Sure. So that particular one, Bryce, was a company that we've had in the portfolio for a few years. It's somewhat of an industrial-based business. We've been really improving it all around, both from the overall management level, et cetera. And we had an opportunity to acquire a fairly substantial-sized business to bring into it, which was really integrated very nicely with the product, and it not only gave us additional capacity, manufacturing capacity, but also distribution and access in Europe and other parts of the country.
So we took our company from order magnitude -- now, I'm not going to give you specifics, but order magnitude about $40 million, $50 million in revenue to over $100 million in revenue and very significant increase in the EBITDA. And I would say that the integration has come along really well. So we've clearly enhanced the overall value. So I feel really good about that transaction, without, by the way, getting that particular company in a very highly leveraged situation, relatively speaking. So really a really good opportunity. So we'll continue. And yes, some of our existing portfolio companies are seeing some opportunities like that, and we continue -- some of them are on the smaller end, some of them do not require additional financing from GAIN, per se, because their own balance sheets are strong enough to handle some smaller add-ons where it really makes some sense, whether it be a product line or what have you.

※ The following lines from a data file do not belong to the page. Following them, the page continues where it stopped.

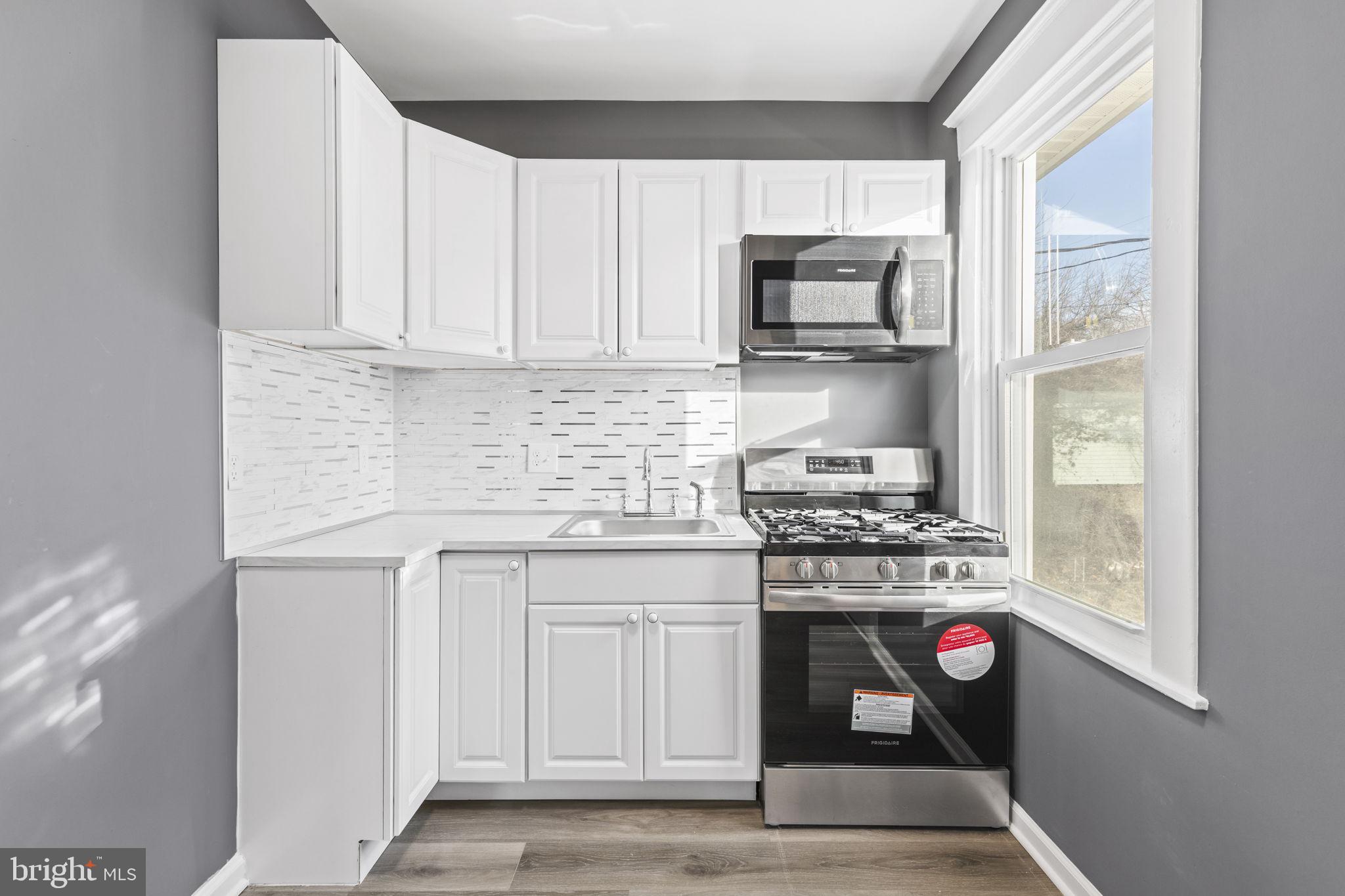 HAMILTON HEIGHTS - Residential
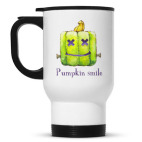 Кружка-термос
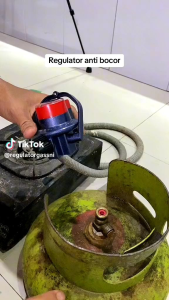 REGULATOR WINN GAS TEKANAN RENDAH DOUBLE LOCK  Regulator winn gas w-900 m adalah regulator Tekanan Rendah yang memiliki performa tinggi dengan dukungan teknologi terbaru yaitu Penguncian Ganda / Double Lock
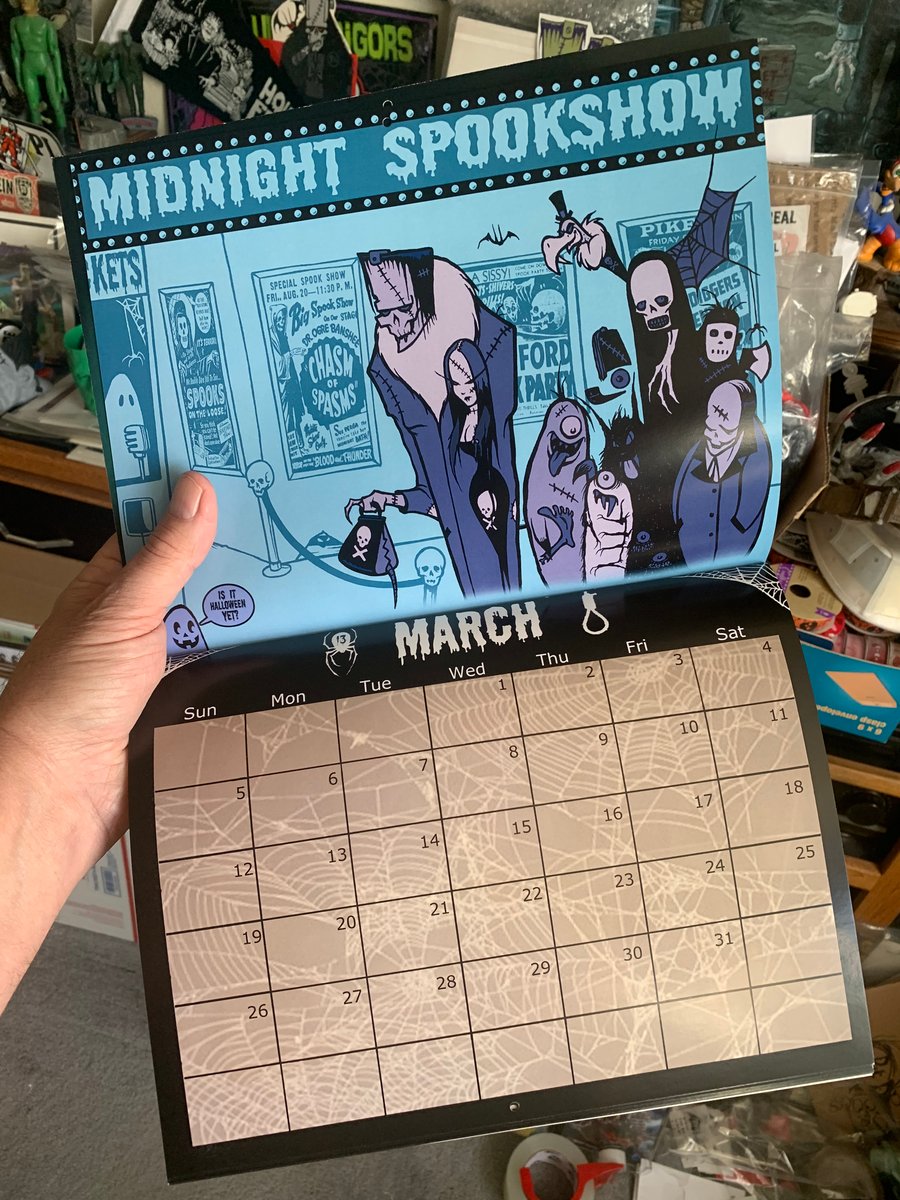 Image of 2023 CALENDARS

And so yes, we continue to do that because, frankly, as I said in my remarks, and you appreciate, if we can keep adding value to an existing portfolio company, again, where overall we know it and it's accretive, we're happy to do that. One other company -- another one of our portfolio companies actually, where they made a fairly good sized acquisition, and we were able to go back in as well and help to add to that particular investment as well. And so yes, so short answer is, yes, we're going to continue looking at those opportunities.